Work instructions - Copy the data that follows exactly, and include none of its images.

Supplied data -
────
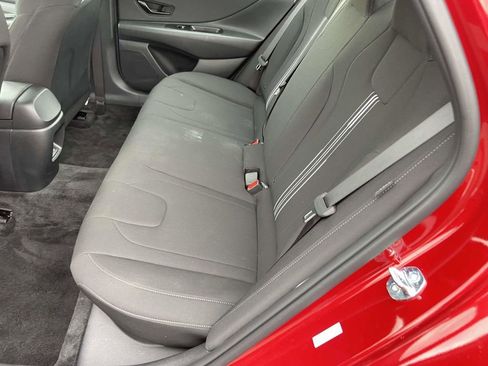 Certified 2025 Hyundai Elantra Sport FWD image 14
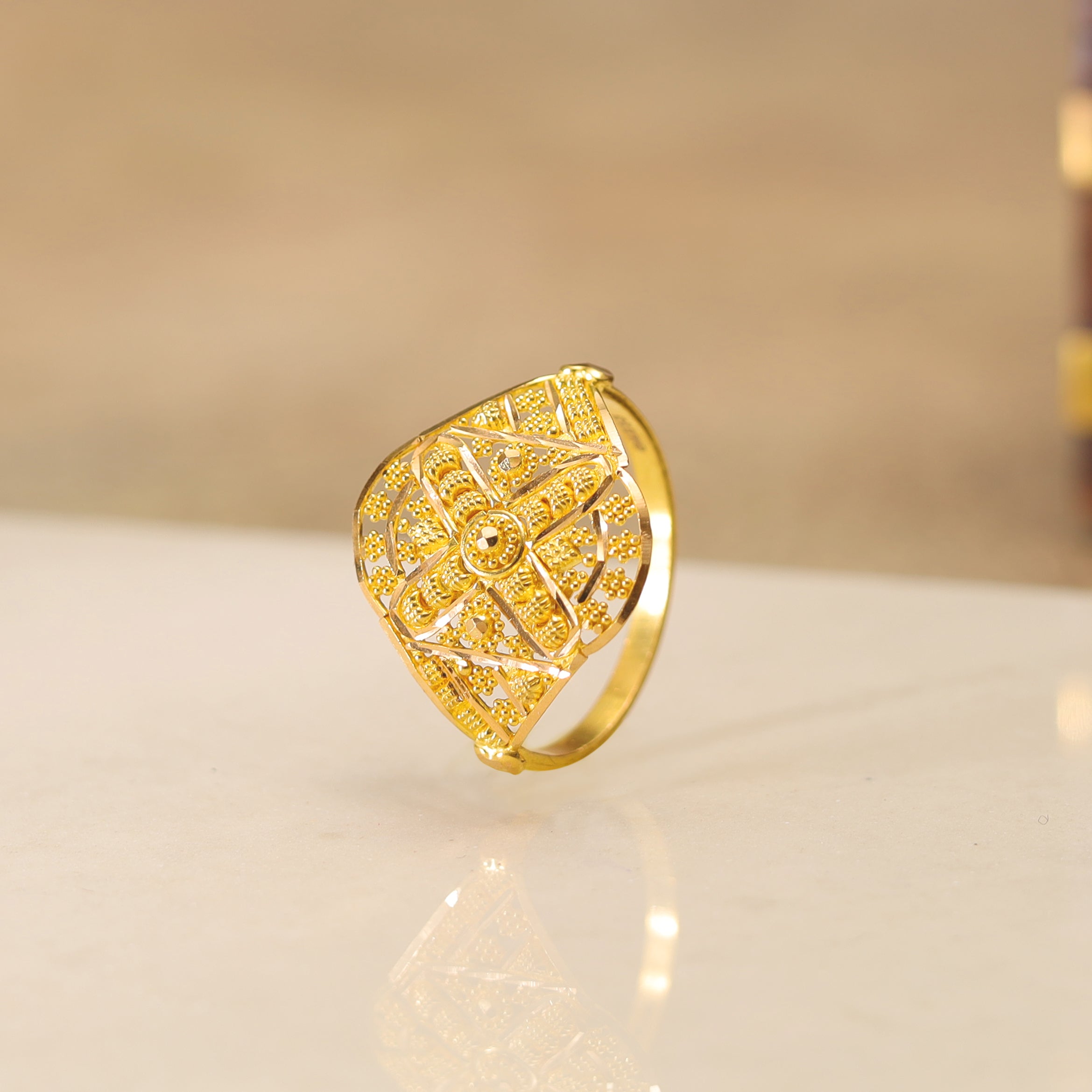 Gold Ring MLJ-577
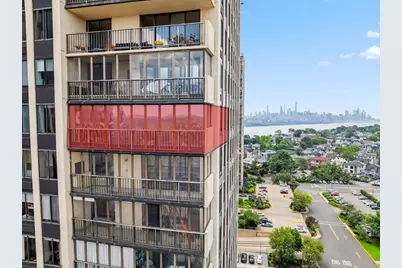 300 Winston Dr #1822, Cliffside Park, NJ 07010 - Photo 4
────
Solution below -
 Certified 2025 Hyundai Elantra Sport FWD image 14
 Gold Ring MLJ-577
 300 Winston Dr #1822, Cliffside Park, NJ 07010 - Photo 4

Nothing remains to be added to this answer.